Kris Szaniawski/Informa Telecoms and Media
15 May 2014

This year’s Huawei Global Analyst Summit in Shenzhen felt like it had fewer product and service announcements than last year’s, but nevertheless it managed to deliver interesting insights into the vendor’s changing business focus – not the least of which is the relentless expansion of the vendor’s global-services business – and what might be driving it.

Huawei’s determined expansion of its global-services business continues to deliver results. Its Global Services business unit experienced 21% year-on-year revenue growth in 2013, compared with a mere 4% for the Carrier Network business and 8.5% for Huawei as a whole. Double-digit growth is never easy to sustain over an extended period, but the vendor is not expecting any serious slowdown yet and forecasts that its Global Services business will grow 17% in 2014.

The growth in Global Services is part of a larger business shift taking place within Huawei. The Carrier Network unit accounts for 70% of business, a figure that the vendor expects to fall to 50-60% by 2018 as revenues from its Enterprise and Consumer business units expand. However, it is the services part of the business that will bolster the Carrier Network group’s revenues over the next few years, and the vendor expects Global Services to become the biggest component of its Carrier Network business.

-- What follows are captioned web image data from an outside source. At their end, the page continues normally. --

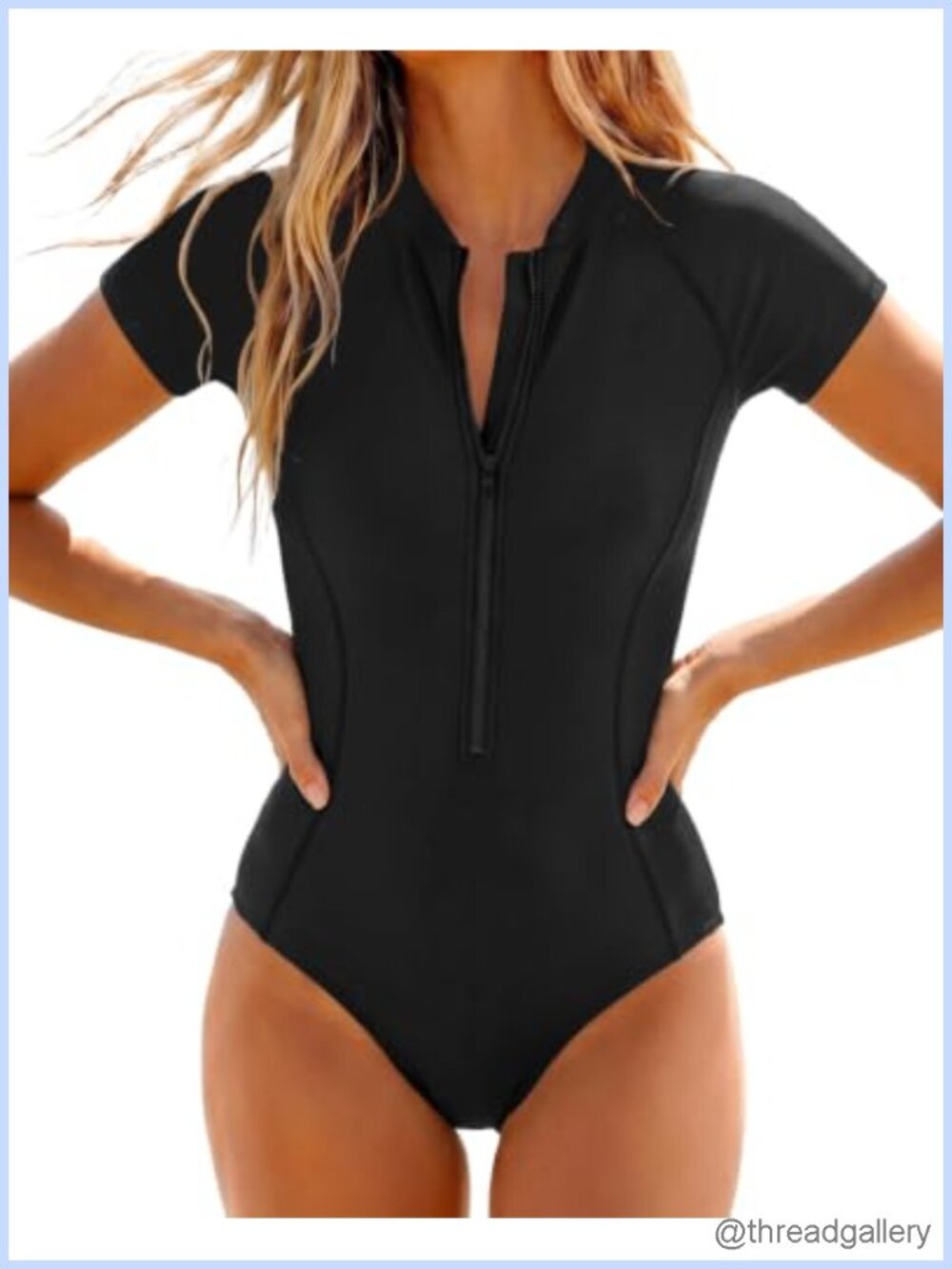 Womens UPF 50 One Piece Rashguard Swimsuit Zipper Full Coverage Swimwear Long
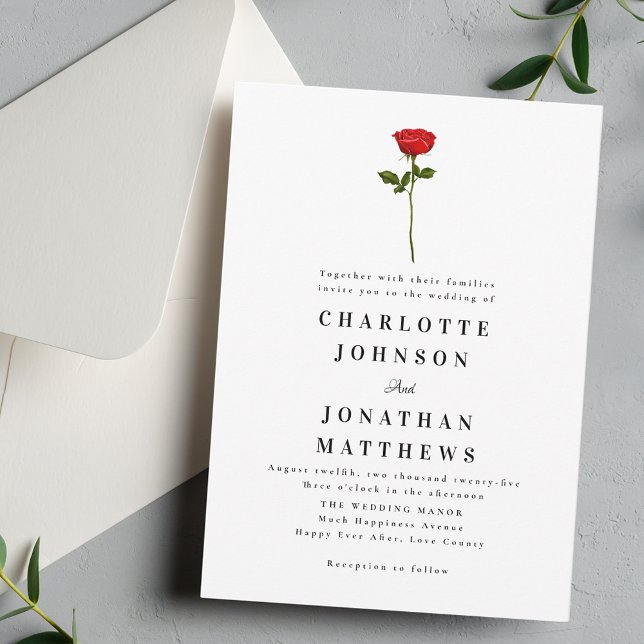Invitation Rose rouge minimaliste Élégant moderne (Simple red rose watercolor elegant modern wedding invitation. Watercolor floral stylish romantic )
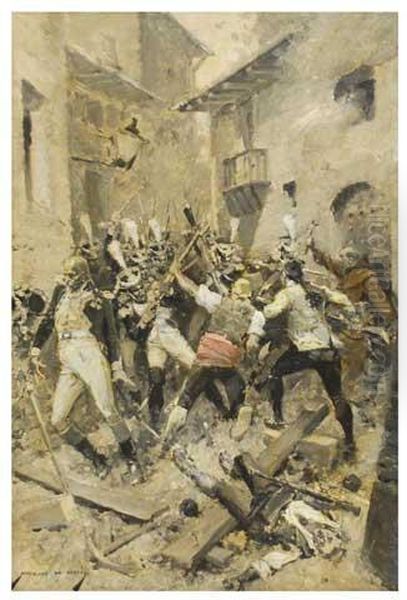 La Guerra Del Frances Oil Painting by Marcelino Unceta Y Lopez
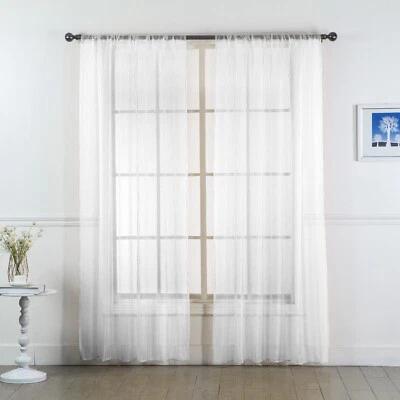 Juego de (dos) 2 paneles de cortina transparentes - paneles de ventana en muchos tamaños y colores Foto 1 de 4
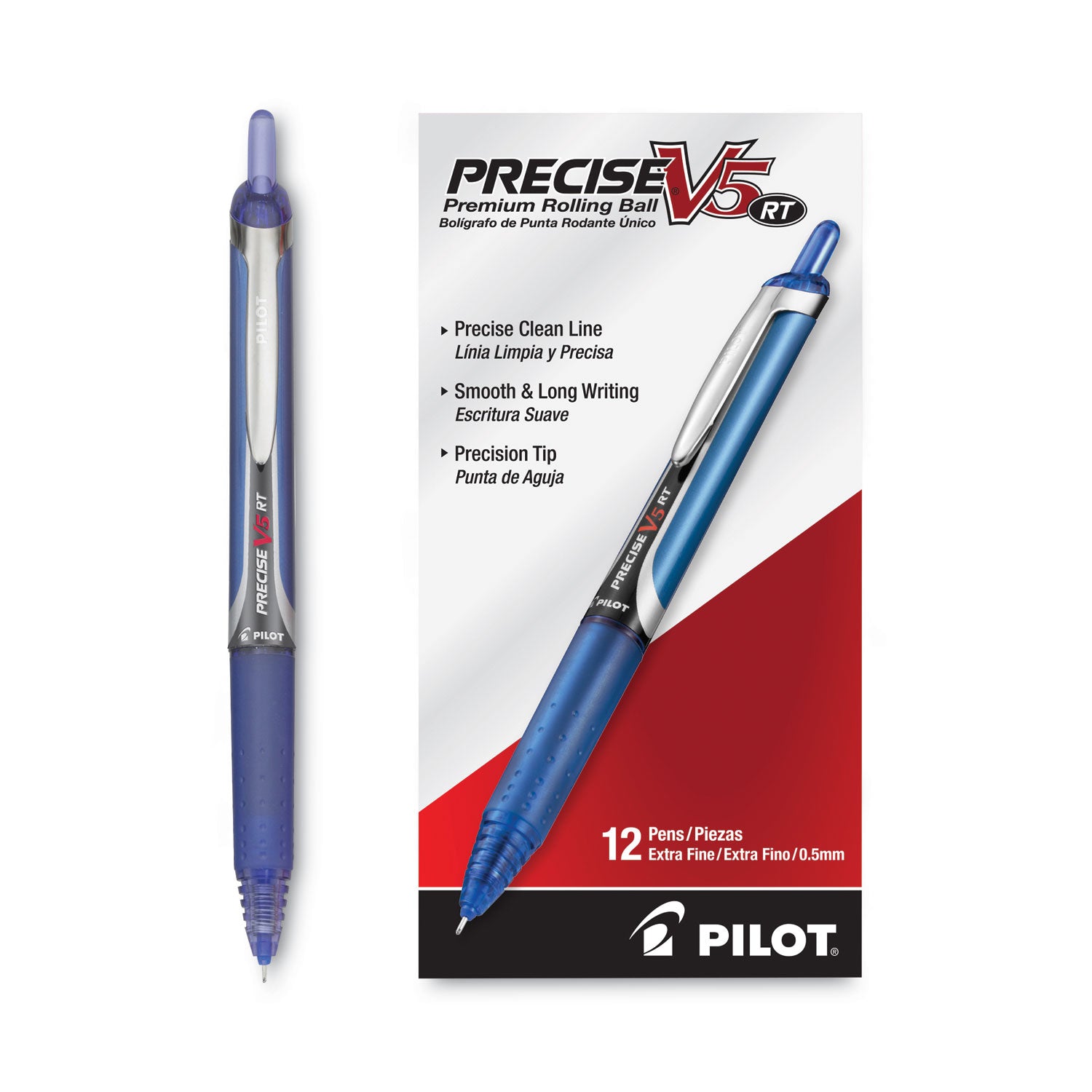 Precise V5RT Roller Ball Pen, Retractable, Extra-Fine 0.5 mm, Blue Ink, Blue Barrel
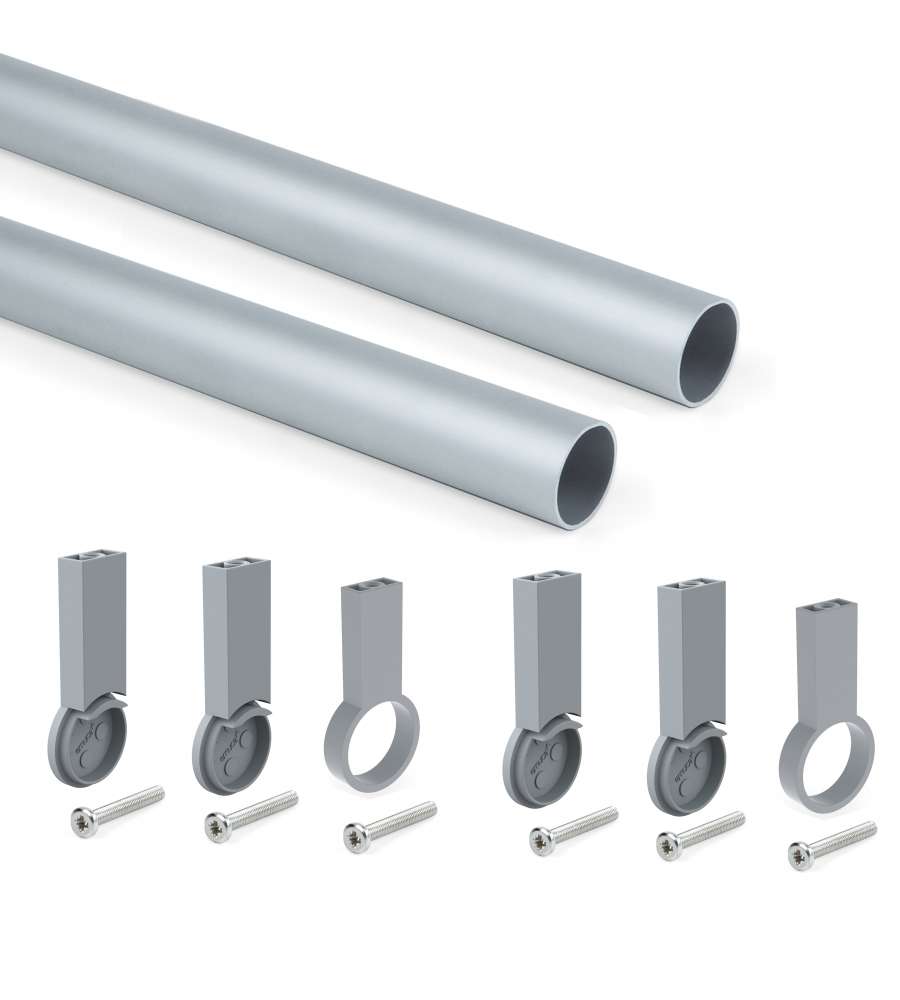 Emuca Kit tubo per armadio rotondo D28 OpacoPACO 5,5 X 9,5 X 85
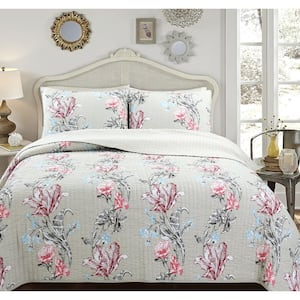 Morning Glory Floral 3-Piece Beige Coral Blue Cotton Queen Quilt Bedding Set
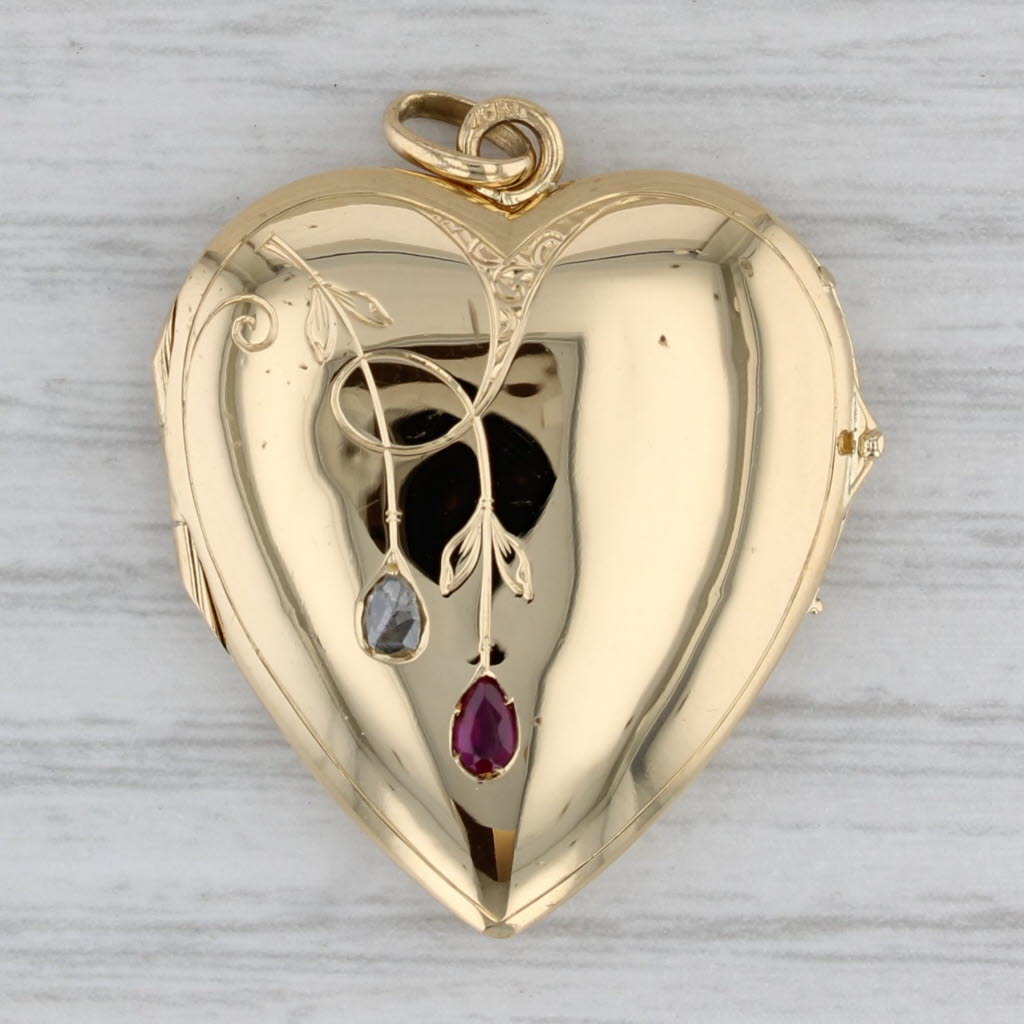 Antique Ruby Diamond Floral Drops Heart Photo Locket Pendant 18k Yello ...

What is driving this growth in services? Clearly, Huawei has a large base of existing network clients and implementations around the world into which it can sell its service offerings. This is something that Huawei’s CEO mentioned in his keynote, although he – or his translator – undersold what is currently occurring in the market by suggesting that Huawei’s services growth was something that just “happened naturally.”

Growing revenues in global services is not quite so effortless: There has to be something that helps the vendor position itself against more-established rivals such as Ericsson, NSN/Nokia and Alcatel-Lucent. In the early days, aggressive pricing played a role, as did Huawei’s willingness to throw any number of keenly priced engineers at an issue, but more recent wins suggest that a well-thought-through CEM strategy is one of the factors helping the vendor expand its services business.

It’s no coincidence that Huawei’s SmartCare CEM offering was one of few specific products or solutions to get a name-check in the opening keynotes at Huawei’s global analyst summit. This comes as little surprise, given the rapid growth this business is experiencing and the support this particular set of tools and capabilities is providing within Huawei’s broader Global Services business.